---- Material provided

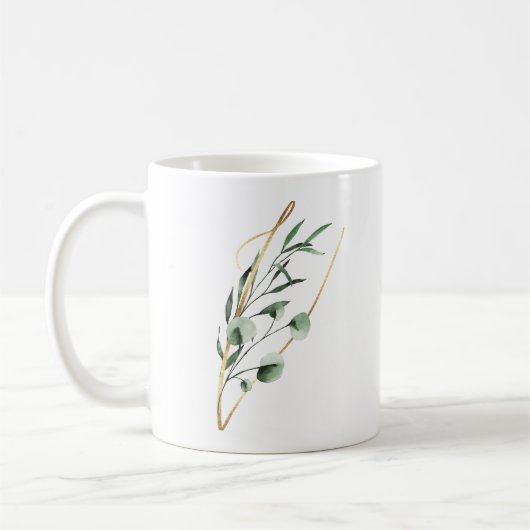 Tasse des initiales des fêtes d'hiver (Gauche)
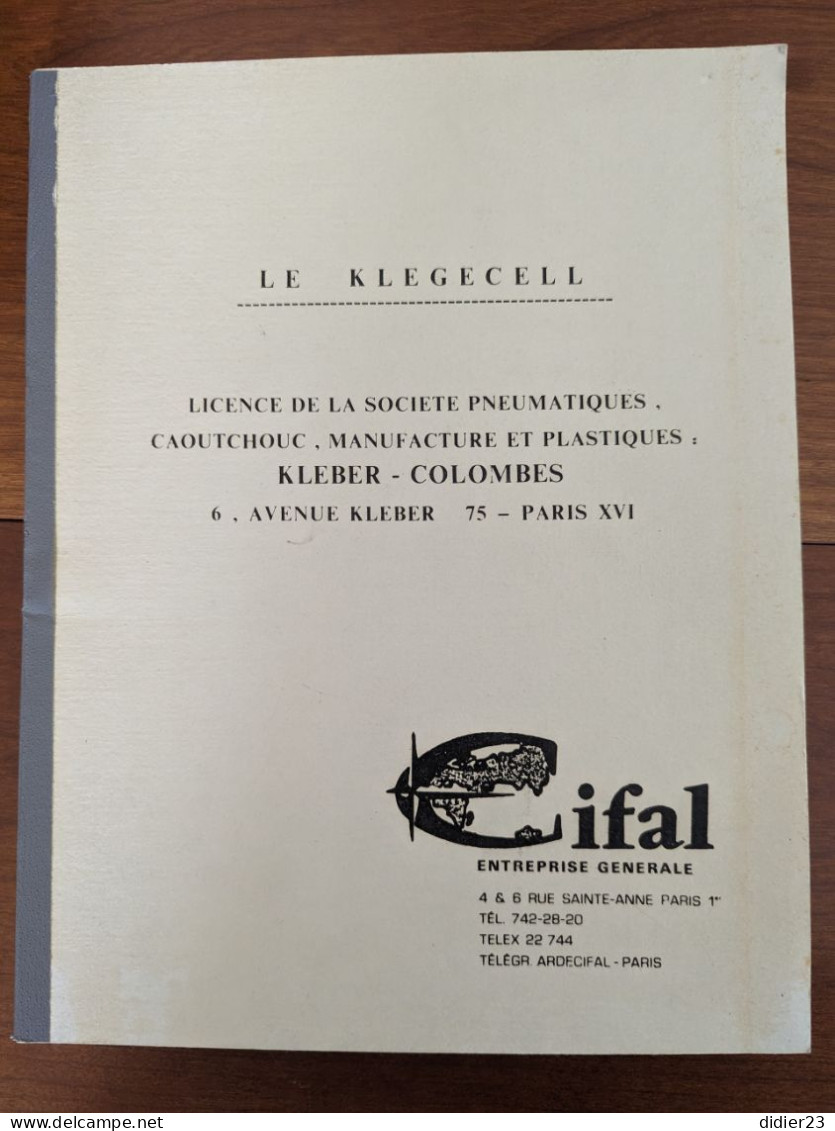 Documents RARE  Année 60 KLEBER COLOMBES STE CIFAL FONTENAY Aux ROSES CAMION TREDION MORBIHAN CARROSSIER SAVIEM - Aviation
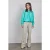 DIDI Wide Leg Pants Royce In Light Silver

--------

[Task prompt]:
Drop the images and copy all the data exactly.

[Answer box]:
 Tasse des initiales des fêtes d'hiver (Gauche)
 Documents RARE  Année 60 KLEBER COLOMBES STE CIFAL FONTENAY Aux ROSES CAMION TREDION MORBIHAN CARROSSIER SAVIEM - Aviation
 DIDI Wide Leg Pants Royce In Light Silver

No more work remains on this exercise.